Se está na parte mais baixa da hierarquia, ele não pode desfazer-se dos espinhos: só obedece, tornando-se cada vez mais rígido em sua obediência. Para sair deste estado, só com a promoção. Quando promovido, ele se desfaz -nos outros- dos seus aguilhões/ordens. Mas sem obediência não há promoção.
Semelhante disciplina fez os mais poderosos exércitos do mundo seguirem decretos de partidos totalitários. "Estou cumprindo ordens." Sem tal frase hedionda inexistiriam o fascismo, o stalinismo etc. Todo exército regular segue a ordem das promoções, simultânea à disciplina. Para que ambas existam, a hierarquia deve ser mantida.
É absurdo para um soldado que obedeceu durante toda uma vida e chegou ao posto de coronel ou general-de-brigada imaginar que suas próprias ordens não serão obedecidas. Se tal coisa se anuncia surgem as aventuras militaristas, os golpes de Estado, as pressões ilegítimas sobre os poderes civis etc.
Recomendo a leitura do volume editado pela PUC-BH sobre a intervenção militar de 1964 ("Caderno Extensão", dez. 94). O soldo simboliza a importância do indivíduo na escala hierárquica. Um coronel recebe certa quantia que confirma a sua autoridade no comando.
A reportagem da Folha esclarece ao público algo conhecido pelos que estudam os soldados: o pagamento miserável nas Forças Armadas, hoje, é perigoso impulsionador de ressentimentos -na comparação entre civis e militares-, causando perda de autoridade e autoconfiança no oficialato. Sem a fé na carreira, a tentação do intervencionismo na vida política torna-se irrefreável.
Enquanto se processa semelhante corrosão, com resultados catastróficos, nossos políticos continuam sua prática mesquinha e suicida. As massas se desvinculam, como no caso dos sem-terra, das lideranças partidárias -mesmo do PT- e das igrejas. A guerra civil não declarada faz milhares de mortos nas lutas pelas drogas e nos outros comércios.
Faltam verbas às Forças Armadas, há carência de treino específico para as várias polícias. Em certos quartéis escasseia dinheiro para o rancho. É preciso, portanto, seguir cautelosamente o que se passa na mente dos soldados. Chegar à condição de coronel ainda fornece prestígio na tropa. Mas se continua a insensibilidade dos governantes, a proletarização dos militares pode ser caldo fértil de cultura para golpes.
O deboche generalizado que impera nos meios civis -incluindo os religiosos, como a Igreja Universal do Reino de Deus- fortalece a doutrina nefasta, seguida por enorme parcela do povo, sobre a ditadura, solução dos nossos males. Enquanto um deputado percebe milhares de reais para pouco trabalho e repulsivas paradas de fisiologismo, os soldados começam a fazer comparações. Não se pode menosprezar a ira de quem possui armas, mas está reduzido à impotência. Desconhecer seus rumores é aposta perigosa cujo pagamento será o sangue e o luto, para tristeza da vida civil e da República.
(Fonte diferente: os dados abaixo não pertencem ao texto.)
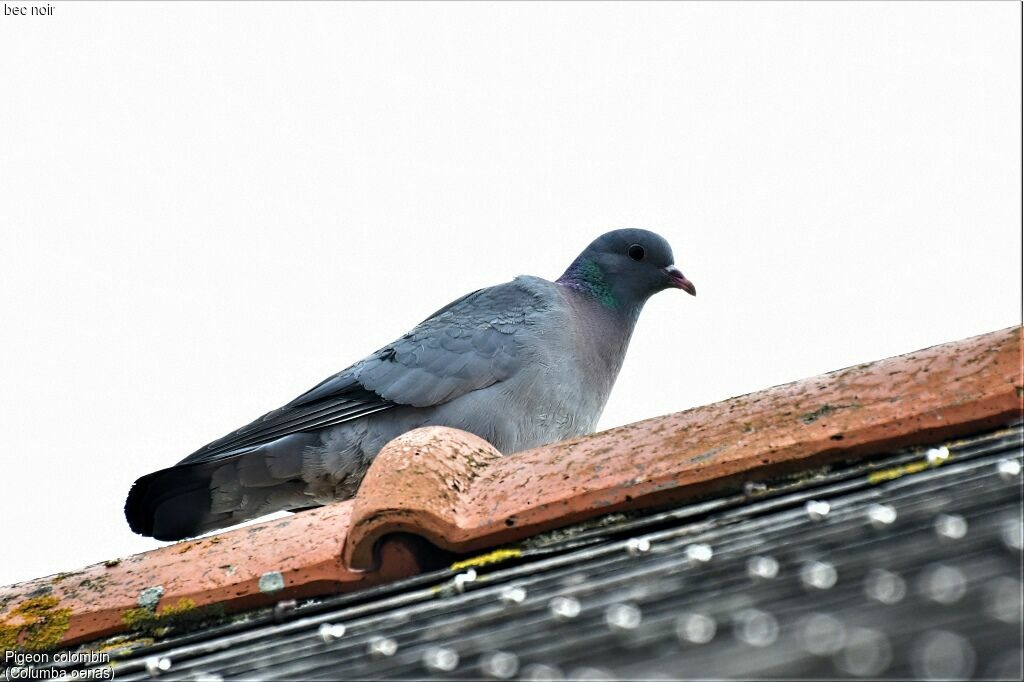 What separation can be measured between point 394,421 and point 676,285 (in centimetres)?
172

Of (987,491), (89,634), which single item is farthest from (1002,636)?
(89,634)

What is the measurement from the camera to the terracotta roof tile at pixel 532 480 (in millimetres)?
2529

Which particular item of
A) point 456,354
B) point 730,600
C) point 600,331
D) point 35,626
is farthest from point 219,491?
point 730,600

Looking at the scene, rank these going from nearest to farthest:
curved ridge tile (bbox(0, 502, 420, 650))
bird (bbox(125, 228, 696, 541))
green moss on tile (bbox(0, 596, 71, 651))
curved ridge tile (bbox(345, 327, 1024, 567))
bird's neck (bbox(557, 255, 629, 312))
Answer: curved ridge tile (bbox(345, 327, 1024, 567)) < curved ridge tile (bbox(0, 502, 420, 650)) < green moss on tile (bbox(0, 596, 71, 651)) < bird (bbox(125, 228, 696, 541)) < bird's neck (bbox(557, 255, 629, 312))

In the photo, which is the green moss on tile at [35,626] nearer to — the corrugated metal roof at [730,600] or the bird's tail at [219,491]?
the corrugated metal roof at [730,600]

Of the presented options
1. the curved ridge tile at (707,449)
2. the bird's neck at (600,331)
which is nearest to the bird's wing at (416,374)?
the bird's neck at (600,331)

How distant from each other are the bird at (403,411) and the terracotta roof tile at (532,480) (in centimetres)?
177

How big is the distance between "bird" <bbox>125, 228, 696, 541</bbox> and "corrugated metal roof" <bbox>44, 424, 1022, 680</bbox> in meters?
2.37

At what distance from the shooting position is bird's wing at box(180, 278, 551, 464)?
206 inches

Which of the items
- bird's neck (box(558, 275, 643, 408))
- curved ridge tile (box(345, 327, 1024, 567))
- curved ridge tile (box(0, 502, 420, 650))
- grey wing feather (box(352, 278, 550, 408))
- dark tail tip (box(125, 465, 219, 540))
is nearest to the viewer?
curved ridge tile (box(345, 327, 1024, 567))

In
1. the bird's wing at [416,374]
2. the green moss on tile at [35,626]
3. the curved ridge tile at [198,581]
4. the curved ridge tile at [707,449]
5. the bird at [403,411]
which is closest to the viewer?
the curved ridge tile at [707,449]

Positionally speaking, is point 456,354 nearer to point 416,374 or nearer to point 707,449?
point 416,374

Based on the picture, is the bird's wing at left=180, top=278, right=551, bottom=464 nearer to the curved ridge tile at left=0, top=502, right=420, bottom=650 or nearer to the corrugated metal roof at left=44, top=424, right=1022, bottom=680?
the curved ridge tile at left=0, top=502, right=420, bottom=650

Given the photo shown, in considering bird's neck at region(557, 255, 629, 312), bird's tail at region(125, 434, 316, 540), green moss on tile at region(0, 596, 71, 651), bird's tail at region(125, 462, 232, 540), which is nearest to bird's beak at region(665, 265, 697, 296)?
bird's neck at region(557, 255, 629, 312) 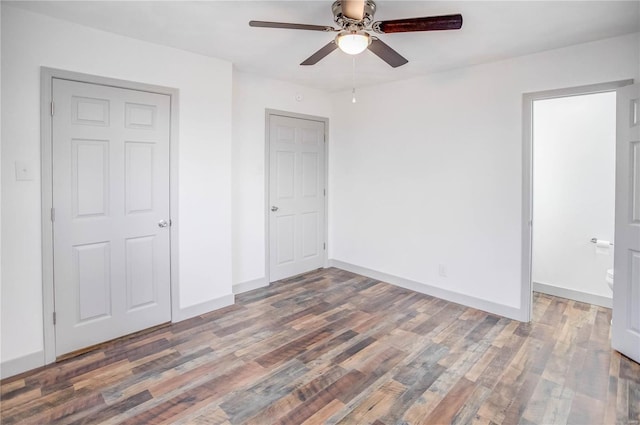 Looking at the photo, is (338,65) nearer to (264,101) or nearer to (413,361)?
(264,101)

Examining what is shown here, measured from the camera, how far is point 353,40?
220 centimetres

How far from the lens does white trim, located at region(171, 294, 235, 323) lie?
3.30 meters

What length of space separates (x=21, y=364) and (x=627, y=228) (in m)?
4.61

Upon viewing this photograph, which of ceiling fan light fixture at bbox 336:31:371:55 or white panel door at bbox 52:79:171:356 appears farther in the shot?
white panel door at bbox 52:79:171:356

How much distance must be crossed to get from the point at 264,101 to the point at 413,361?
325 cm

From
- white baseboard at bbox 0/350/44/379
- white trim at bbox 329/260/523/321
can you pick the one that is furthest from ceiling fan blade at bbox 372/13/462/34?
white baseboard at bbox 0/350/44/379

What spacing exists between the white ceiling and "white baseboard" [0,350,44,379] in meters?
2.47

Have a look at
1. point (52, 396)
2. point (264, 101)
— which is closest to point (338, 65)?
point (264, 101)

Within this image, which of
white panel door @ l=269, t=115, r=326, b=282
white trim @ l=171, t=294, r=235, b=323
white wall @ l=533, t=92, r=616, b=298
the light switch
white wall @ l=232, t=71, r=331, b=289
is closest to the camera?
the light switch

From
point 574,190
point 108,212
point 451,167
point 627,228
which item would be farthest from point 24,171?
point 574,190

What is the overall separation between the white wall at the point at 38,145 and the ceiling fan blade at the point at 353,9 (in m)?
1.82

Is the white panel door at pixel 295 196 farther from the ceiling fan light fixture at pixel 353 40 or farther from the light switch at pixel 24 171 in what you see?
the light switch at pixel 24 171

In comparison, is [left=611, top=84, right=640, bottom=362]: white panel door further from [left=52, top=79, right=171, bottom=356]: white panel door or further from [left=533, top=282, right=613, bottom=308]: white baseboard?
[left=52, top=79, right=171, bottom=356]: white panel door

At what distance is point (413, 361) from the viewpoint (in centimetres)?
260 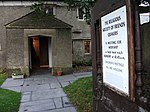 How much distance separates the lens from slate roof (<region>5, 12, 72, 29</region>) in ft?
51.0

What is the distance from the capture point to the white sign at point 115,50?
2782 mm

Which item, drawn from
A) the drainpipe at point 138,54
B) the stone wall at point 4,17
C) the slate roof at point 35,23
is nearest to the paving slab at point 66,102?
the drainpipe at point 138,54

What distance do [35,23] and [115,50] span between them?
43.2 feet

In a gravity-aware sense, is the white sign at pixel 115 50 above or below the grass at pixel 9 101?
above

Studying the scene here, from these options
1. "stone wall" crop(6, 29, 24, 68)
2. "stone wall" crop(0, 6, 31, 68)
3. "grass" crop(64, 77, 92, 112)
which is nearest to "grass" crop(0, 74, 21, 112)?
"grass" crop(64, 77, 92, 112)

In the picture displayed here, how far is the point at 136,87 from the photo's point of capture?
265 centimetres

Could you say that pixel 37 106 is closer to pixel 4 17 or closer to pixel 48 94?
pixel 48 94

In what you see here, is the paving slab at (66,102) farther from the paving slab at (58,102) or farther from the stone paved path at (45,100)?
the paving slab at (58,102)

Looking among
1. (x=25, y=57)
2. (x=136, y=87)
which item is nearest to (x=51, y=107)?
(x=136, y=87)

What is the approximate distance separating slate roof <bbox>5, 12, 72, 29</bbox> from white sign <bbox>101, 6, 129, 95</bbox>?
40.7 ft

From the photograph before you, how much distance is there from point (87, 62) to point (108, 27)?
17733mm

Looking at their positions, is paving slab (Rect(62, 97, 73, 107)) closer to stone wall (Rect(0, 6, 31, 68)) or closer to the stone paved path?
the stone paved path

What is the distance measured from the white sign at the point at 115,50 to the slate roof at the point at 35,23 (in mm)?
12412

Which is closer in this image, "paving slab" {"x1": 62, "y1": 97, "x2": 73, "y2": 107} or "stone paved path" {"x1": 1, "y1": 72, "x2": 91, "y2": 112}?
"stone paved path" {"x1": 1, "y1": 72, "x2": 91, "y2": 112} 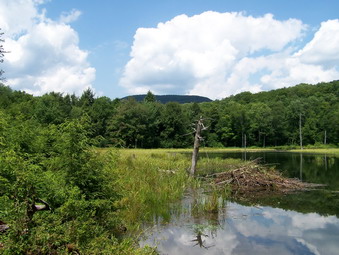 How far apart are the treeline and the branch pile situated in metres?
49.2

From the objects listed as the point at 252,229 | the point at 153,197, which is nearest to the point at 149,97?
the point at 153,197

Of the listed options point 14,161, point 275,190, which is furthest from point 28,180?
point 275,190

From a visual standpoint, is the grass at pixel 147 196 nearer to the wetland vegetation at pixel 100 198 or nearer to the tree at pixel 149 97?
the wetland vegetation at pixel 100 198

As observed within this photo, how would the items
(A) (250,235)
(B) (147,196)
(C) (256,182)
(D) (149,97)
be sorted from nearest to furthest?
(A) (250,235) → (B) (147,196) → (C) (256,182) → (D) (149,97)

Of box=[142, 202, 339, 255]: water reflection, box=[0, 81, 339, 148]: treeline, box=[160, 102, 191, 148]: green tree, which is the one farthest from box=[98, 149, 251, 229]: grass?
box=[160, 102, 191, 148]: green tree

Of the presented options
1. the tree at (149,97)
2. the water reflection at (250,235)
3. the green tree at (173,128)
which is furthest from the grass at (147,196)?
the tree at (149,97)

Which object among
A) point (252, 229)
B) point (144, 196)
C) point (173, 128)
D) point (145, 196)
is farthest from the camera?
point (173, 128)

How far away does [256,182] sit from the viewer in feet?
57.0

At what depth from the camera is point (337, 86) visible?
4387 inches

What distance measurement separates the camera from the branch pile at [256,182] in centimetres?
1705

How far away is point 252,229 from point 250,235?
62 centimetres

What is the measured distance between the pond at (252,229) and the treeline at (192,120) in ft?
178

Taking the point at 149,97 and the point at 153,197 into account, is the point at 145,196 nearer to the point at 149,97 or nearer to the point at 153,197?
the point at 153,197

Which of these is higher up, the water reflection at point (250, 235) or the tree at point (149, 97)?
the tree at point (149, 97) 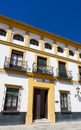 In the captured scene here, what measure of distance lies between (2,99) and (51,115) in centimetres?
455

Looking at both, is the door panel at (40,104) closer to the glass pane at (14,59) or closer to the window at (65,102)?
the window at (65,102)

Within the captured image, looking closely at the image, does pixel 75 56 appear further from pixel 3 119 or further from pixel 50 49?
pixel 3 119

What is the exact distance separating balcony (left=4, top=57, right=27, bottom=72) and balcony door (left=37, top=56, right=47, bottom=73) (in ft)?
4.80

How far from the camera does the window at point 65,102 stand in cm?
1167

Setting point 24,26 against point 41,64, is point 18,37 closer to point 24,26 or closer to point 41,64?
point 24,26

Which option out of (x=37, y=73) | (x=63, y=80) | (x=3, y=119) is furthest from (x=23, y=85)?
(x=63, y=80)

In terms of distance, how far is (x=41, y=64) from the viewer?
12039mm

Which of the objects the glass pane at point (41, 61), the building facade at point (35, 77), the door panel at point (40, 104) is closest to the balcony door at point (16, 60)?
the building facade at point (35, 77)

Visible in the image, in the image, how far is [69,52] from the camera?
14438 millimetres

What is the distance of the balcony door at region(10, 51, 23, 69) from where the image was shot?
10.7 m

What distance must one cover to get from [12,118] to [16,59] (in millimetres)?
4909

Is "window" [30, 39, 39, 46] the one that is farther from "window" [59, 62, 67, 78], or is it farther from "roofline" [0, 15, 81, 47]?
"window" [59, 62, 67, 78]

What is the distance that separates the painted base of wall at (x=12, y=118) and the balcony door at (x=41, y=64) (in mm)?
4178

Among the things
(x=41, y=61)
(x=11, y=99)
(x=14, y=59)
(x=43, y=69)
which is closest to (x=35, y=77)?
(x=43, y=69) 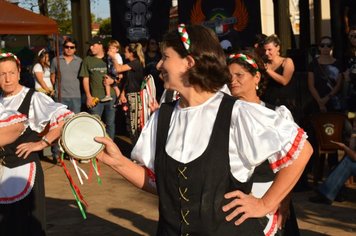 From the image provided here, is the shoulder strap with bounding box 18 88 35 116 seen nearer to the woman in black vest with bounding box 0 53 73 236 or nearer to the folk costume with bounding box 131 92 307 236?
the woman in black vest with bounding box 0 53 73 236

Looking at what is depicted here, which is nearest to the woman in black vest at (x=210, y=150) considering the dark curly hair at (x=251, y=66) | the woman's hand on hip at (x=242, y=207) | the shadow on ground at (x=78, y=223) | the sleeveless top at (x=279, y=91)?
the woman's hand on hip at (x=242, y=207)

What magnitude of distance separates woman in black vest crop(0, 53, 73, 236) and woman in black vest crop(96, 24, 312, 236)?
1774 mm

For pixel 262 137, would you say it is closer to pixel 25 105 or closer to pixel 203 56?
pixel 203 56

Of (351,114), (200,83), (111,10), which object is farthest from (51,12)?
(200,83)

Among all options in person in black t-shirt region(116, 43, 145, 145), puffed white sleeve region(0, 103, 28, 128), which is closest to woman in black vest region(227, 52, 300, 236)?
puffed white sleeve region(0, 103, 28, 128)

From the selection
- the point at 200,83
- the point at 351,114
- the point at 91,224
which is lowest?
the point at 91,224

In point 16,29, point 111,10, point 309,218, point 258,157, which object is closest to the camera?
point 258,157

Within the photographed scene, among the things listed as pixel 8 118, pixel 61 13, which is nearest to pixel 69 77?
pixel 8 118

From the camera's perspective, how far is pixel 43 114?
4.37 meters

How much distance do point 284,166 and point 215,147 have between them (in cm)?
30

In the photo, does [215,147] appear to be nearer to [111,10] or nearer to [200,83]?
[200,83]

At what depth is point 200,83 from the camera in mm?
2600

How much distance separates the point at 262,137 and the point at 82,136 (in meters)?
0.72

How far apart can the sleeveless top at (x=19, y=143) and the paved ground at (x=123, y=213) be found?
1.59m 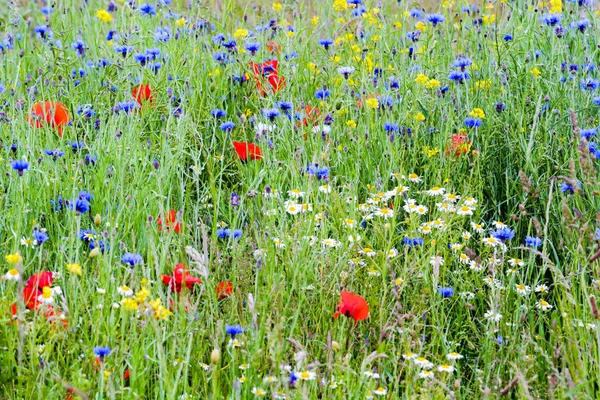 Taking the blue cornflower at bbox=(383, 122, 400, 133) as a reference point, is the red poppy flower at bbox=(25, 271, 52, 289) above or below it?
below

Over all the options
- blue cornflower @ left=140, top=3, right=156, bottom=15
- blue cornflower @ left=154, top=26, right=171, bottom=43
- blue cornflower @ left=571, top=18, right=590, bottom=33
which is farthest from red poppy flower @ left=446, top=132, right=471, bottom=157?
blue cornflower @ left=140, top=3, right=156, bottom=15

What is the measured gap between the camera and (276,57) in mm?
3904

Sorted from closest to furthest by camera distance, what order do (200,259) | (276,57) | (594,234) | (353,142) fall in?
(200,259)
(594,234)
(353,142)
(276,57)

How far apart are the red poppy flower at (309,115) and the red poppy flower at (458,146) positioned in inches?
18.6

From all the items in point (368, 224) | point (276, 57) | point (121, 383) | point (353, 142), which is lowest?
point (121, 383)

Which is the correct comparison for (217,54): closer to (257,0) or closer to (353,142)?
(353,142)

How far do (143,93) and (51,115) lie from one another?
40 cm

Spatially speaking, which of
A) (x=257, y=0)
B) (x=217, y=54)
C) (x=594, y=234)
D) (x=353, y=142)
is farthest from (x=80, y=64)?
(x=257, y=0)

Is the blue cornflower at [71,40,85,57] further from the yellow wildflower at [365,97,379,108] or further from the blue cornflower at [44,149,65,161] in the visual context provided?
the yellow wildflower at [365,97,379,108]

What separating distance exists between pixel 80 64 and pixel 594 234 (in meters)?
2.31

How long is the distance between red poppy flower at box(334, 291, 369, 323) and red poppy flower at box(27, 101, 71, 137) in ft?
4.43

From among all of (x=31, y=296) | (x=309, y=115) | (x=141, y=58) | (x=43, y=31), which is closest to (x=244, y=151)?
(x=309, y=115)

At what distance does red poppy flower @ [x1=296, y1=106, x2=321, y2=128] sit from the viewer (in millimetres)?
3051

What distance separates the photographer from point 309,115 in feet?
10.4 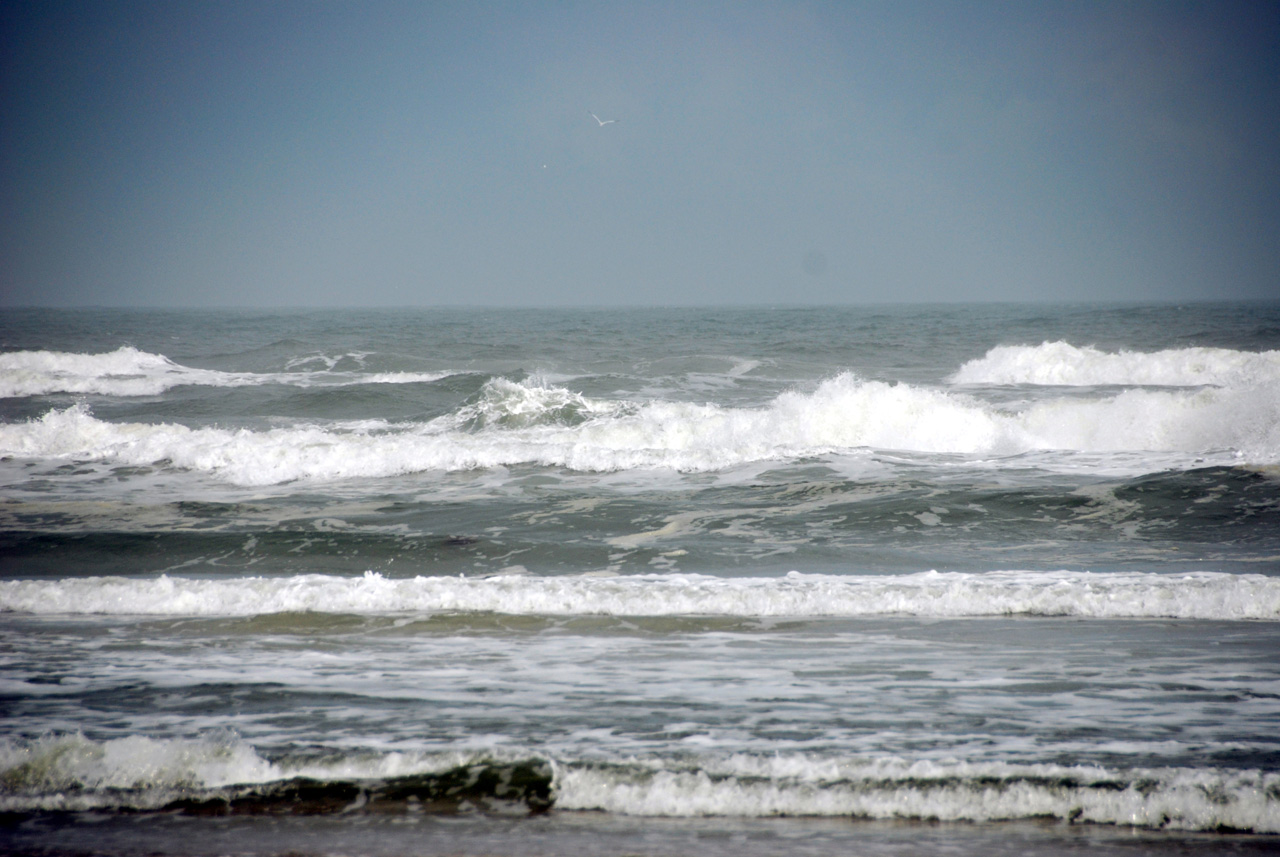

A cegueira política das autoridades, aliás, não se limita aos militares. Ela é retratada em reportagem sombria da Folha ("Governo planeja reajuste zero para funcionalismo", 5/1/96, pág. 1-4). Comentário lúcido de Josias de Souza: "É preciso fazer algo. Correndo."
Esperemos que em 1996 um "presente" assim não caia sobre o povo brasileiro.